Whether or not it’s perfect would be largely dependent on an individual’s preferences though, but luckily Nespresso have been wise to make their new machine as smart as modern technology allows. Whatever capsule you choose – there are around 20 varieties spanning a great range of blends – is just the beginning of you customising this machine to your tastes. You can simply press the button and watch the coffee pour like a pro, ideal for those who think the “extraction parameters” (more on that below) are exactly to their taste, or hold the button and release to taste so the machine remembers your preferences for next time. Once you get the hang of it, manipulating this machine to your whim is quite easy – impressive for something with only one button.
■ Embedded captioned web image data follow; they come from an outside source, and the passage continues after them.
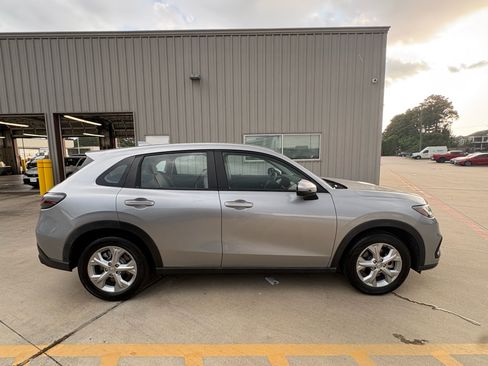 Certified 2025 Honda HR-V LX image 10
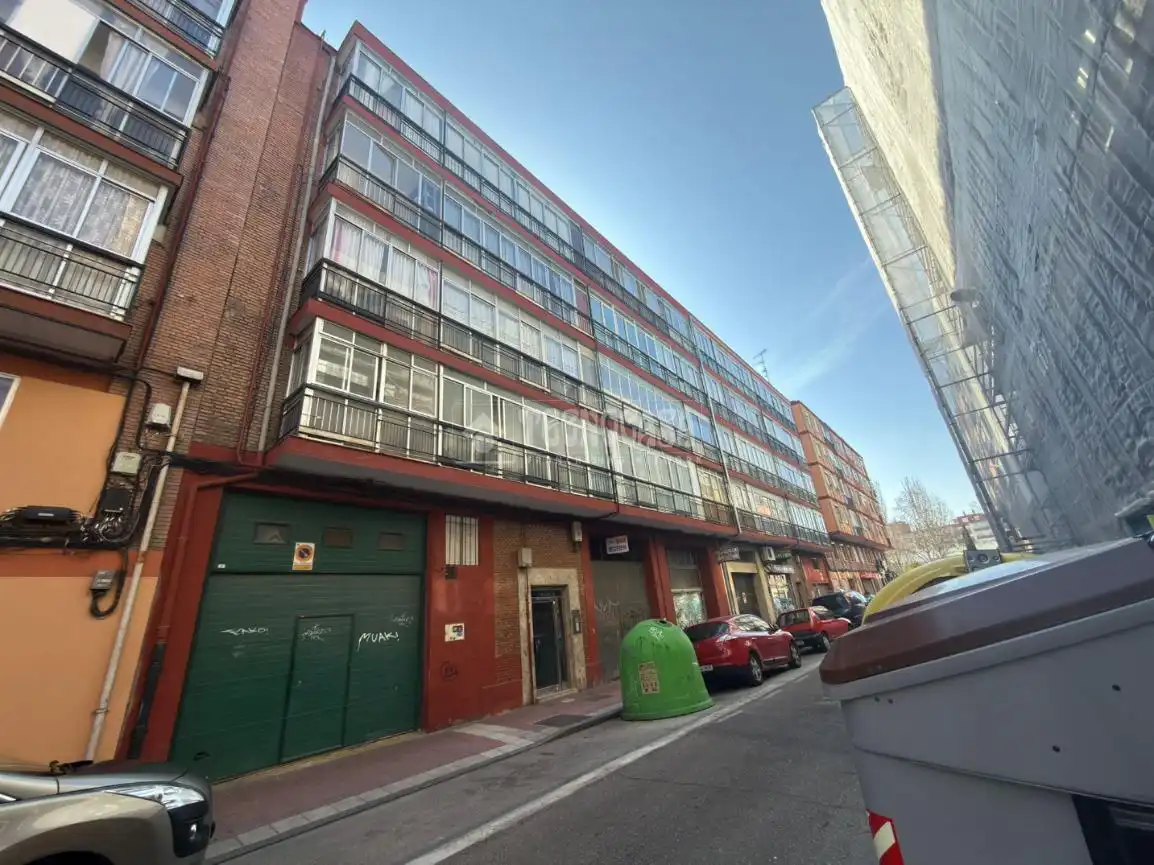 Vista exterior de Pis en venda en Valladolid amb Calefacció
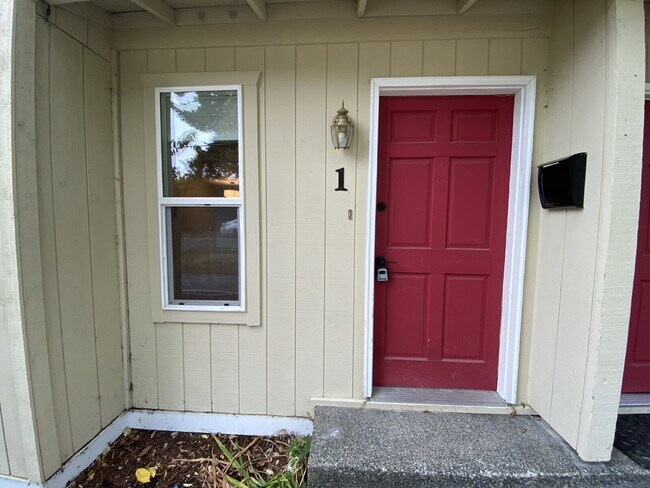 Building Photo - Spacious 3-Bedroom Remodeled Townhome in F...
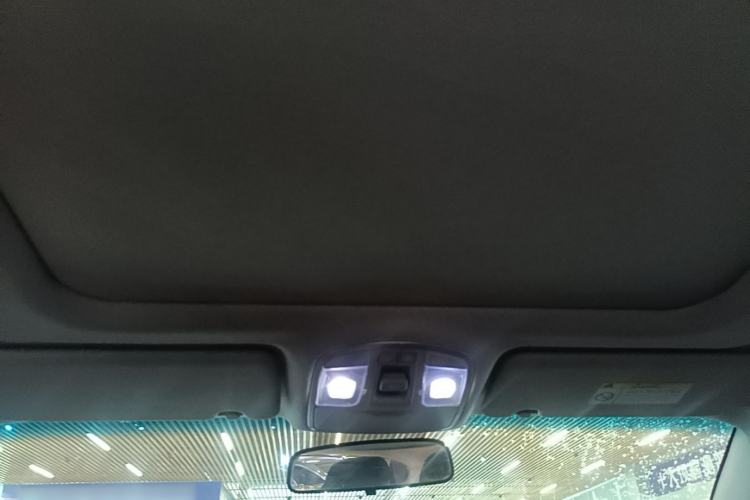 Used Hyundai Tucson 2020 280TGDi Two-Wheel-Drive GLS Fashion Edition China VI Standard Headliner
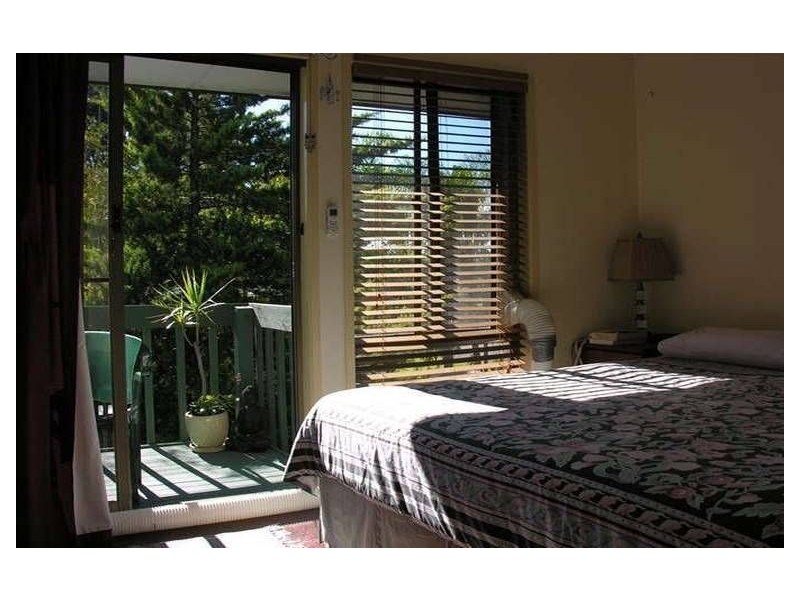 2/9 Martin Street, Nerang QLD 4211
Now for those “extraction parameters”. The main shtick of this beautifully designed machine is that each coffee capsule features a special barcode on its rim, containing very specific instructions for the machine relating to everything from the flow, volume and temperature of the water (drained from the water tank which you can position on either side of the machine) to the infusion time and rotational speed. The idea is to arrive at the point of perfection, predetermined by experts in the field. Of course, everyone has different tastes and tolerances and the standard for the Vertuo line is fairly strong in terms of coffee; again, just tweak the machine a bit – via those button presses – and it’ll get used to your preferences.
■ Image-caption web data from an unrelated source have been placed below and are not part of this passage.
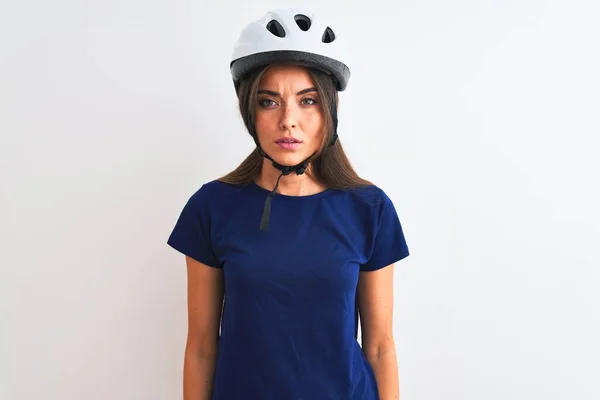 Jovem Mulher Ciclista Bonita Vestindo Capacete Bicicleta Segurança Sobre Fundo — Fotografia de Stock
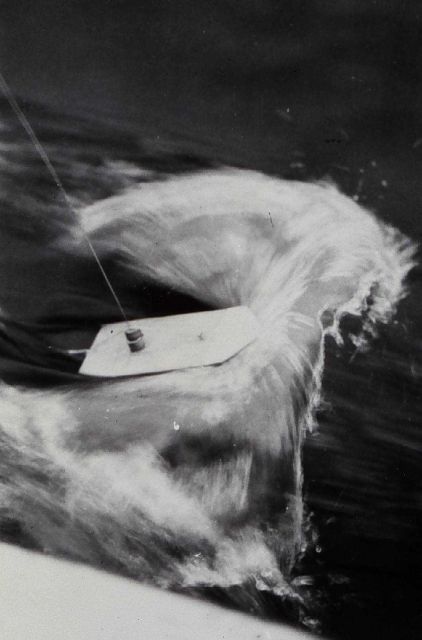 Simulated 10.8 knot current as buoy streamed from bow of test vessel Picture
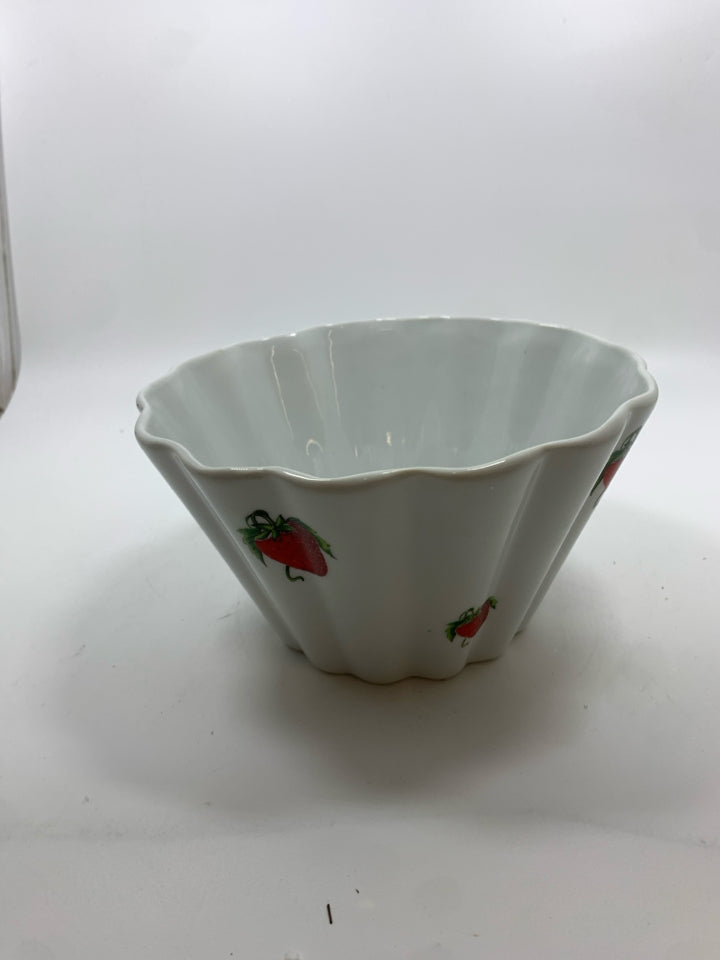 RUFFLED STRAWBERRIES PORCELAIN BOWL LOURIQUX.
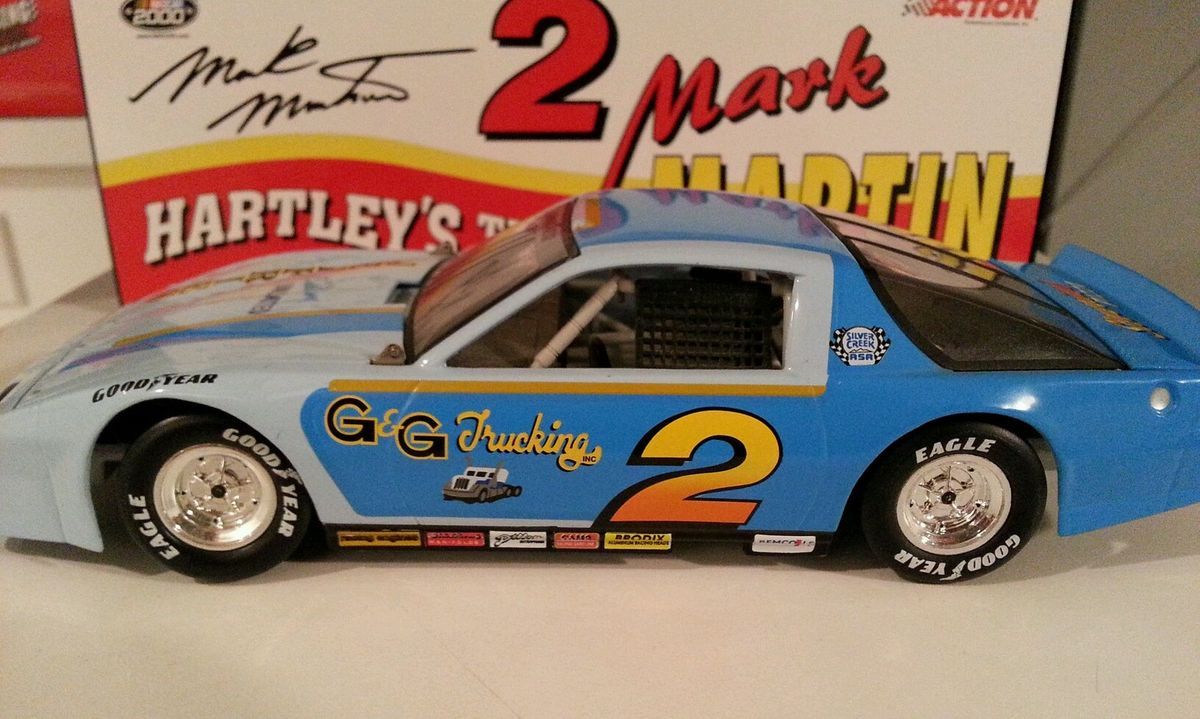 Mark Martin 1983 G G Trucking 1 of 5940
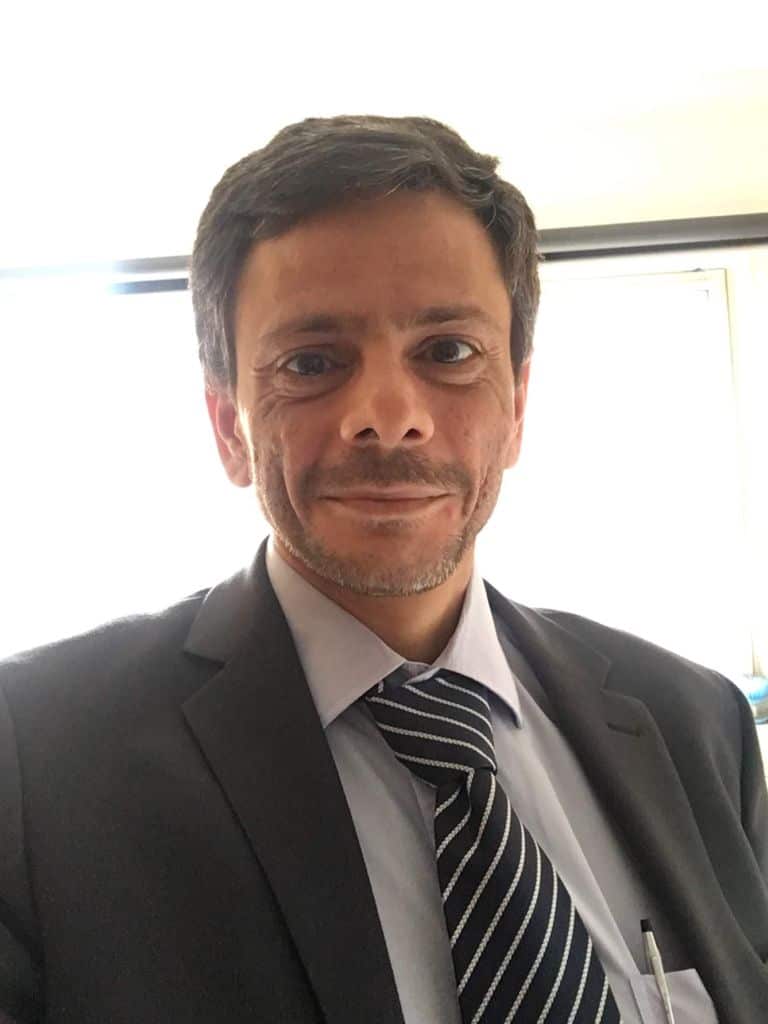 خبير التمويل علاء الأحمد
The attractive metallic capsules capture a thoughtful range of tastes and are simply inserted in the machine similarly to previous Nespresso models. Although this time things are just a little bit more high-tech; you simply nudge a silver lever at the top of the machine upwards and a slot automatically opens up with a groove in which to snugly place the capsule. Futurism is a given in the design, and though it’s an unnecessary touch, the automated open/close function is an impressive little detail that mirrors the advancement of the VertuoLine over Nespresso’s previous models.
Once inserted, you just nudge the lever down and press (or hold if you want to guide the machine towards your preferences) the single button on top of the machine. The capsule’s metal pods are spun while pouring to achieve the ideal extraction length encoded in the capsule’s barcode. It’s simple, it delivers on it’s promise of great coffee and leaves the only real decision on your choice in capsule – available in four sizes, from a 40ml Espresso to a 414ml Alto. All pours feature are topping with the super smooth and silky layer of crema Nespresso is known for.
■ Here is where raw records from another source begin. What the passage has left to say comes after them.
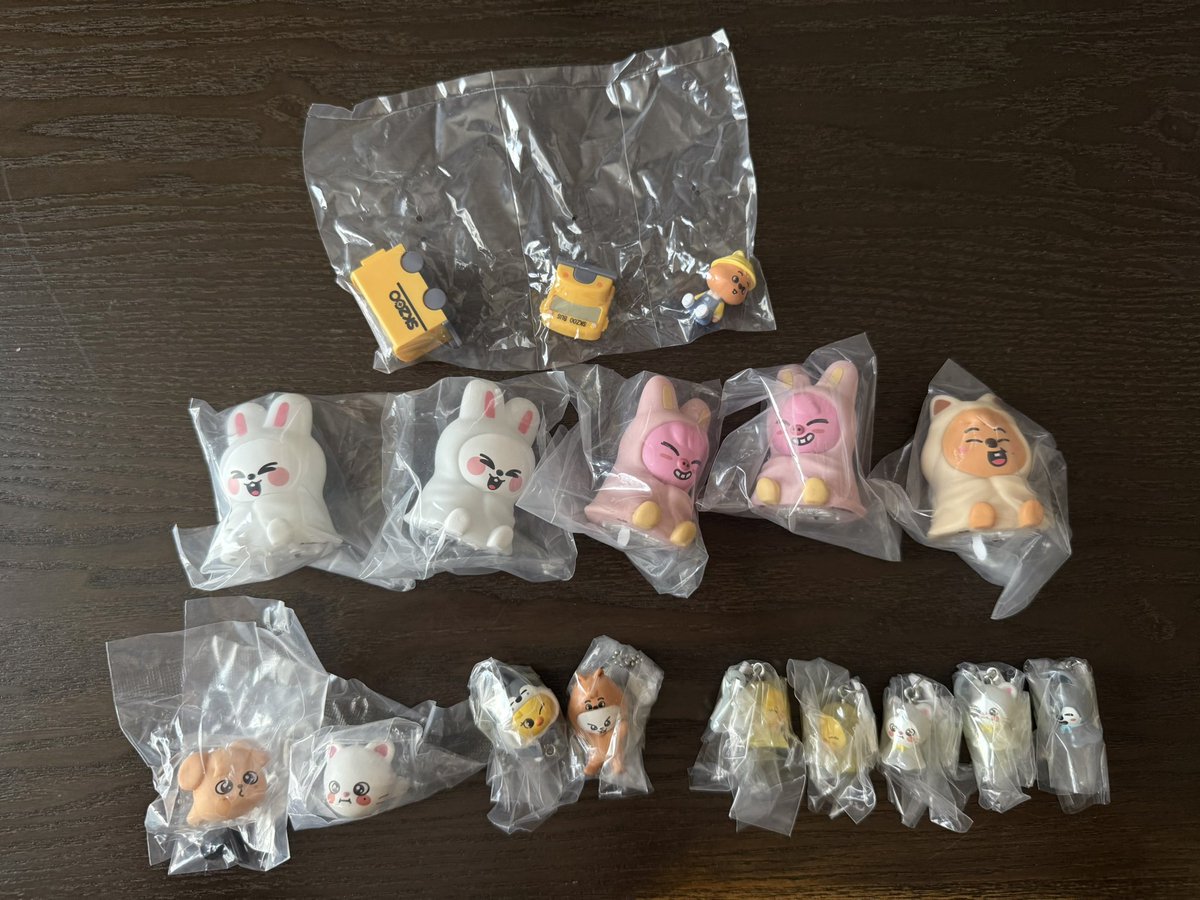 _untyobi's tweet photo. スキズ ガチャガチャ 交換

譲）画像
求）指輪→ハン
      めじるし→リノ、ハン
      つまんでつなげて→ハン🦀
                                      バンチャン⛓️
      スクールバス→アイエン

長崎市内手渡し希望
16日アミュプラザにいます！お気軽にお声掛けください🙇🏻‍♀️
 #スキズ交換 https://t.co/wvcvinSWLN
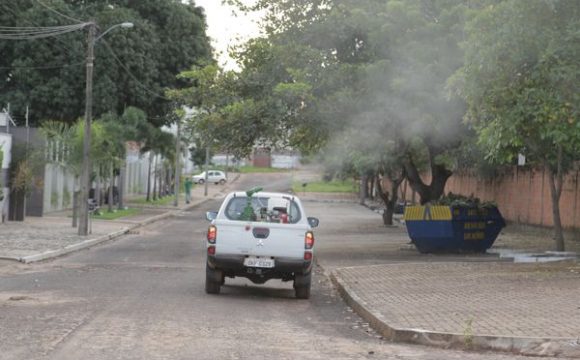 Carros fumacê ajudam no combate ao Aedes em Araguaína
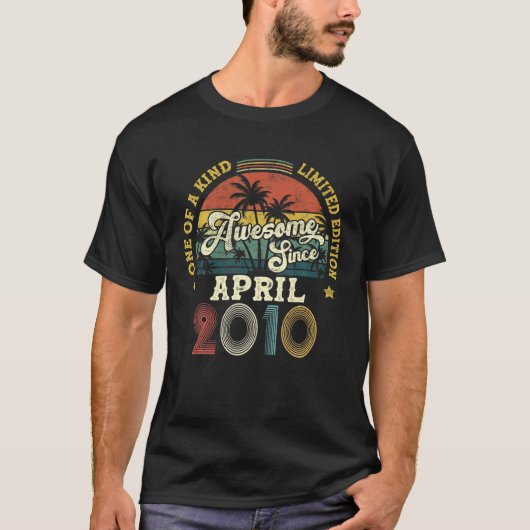 2010素晴らし年4月ヴィンテージ12番目の誕生日のGIF Tシャツ (正面)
After it’s all done, the used capsule is deposited in an detachable container big enough for 10 capsules (remember, you can’t just throw these in the yellow bin if you want to recycle; they have to be delivered to a specialised collection point or mailed to Nespresso in a special bag via Australia Post).
The taste of a coffee from the Vertuo Plus, whatever the capsule, is about as ideal as you can get from one simple press of a button. However, the palate of some brews is not significantly better than a brew made from one of the earlier, less expensive models (like the exceptionally balanced Essenza mini). You’re shelling out a bit extra for the impressive design and the glow that often surrounds new technology, with the real worth really lying in the kind of VertuoLine capsules Nespresso (hopefully) have in store for us next year. Here’s to hoping those occasional limited releases, like the latest candy-inspired line, become more common in 2018.
Vertuo machines are available now for an RRP of $299. Sleeves of 10 pods cost between $8 and $10 each, depending on size and style. The model this review is based on came with 12 pods and no milk frother.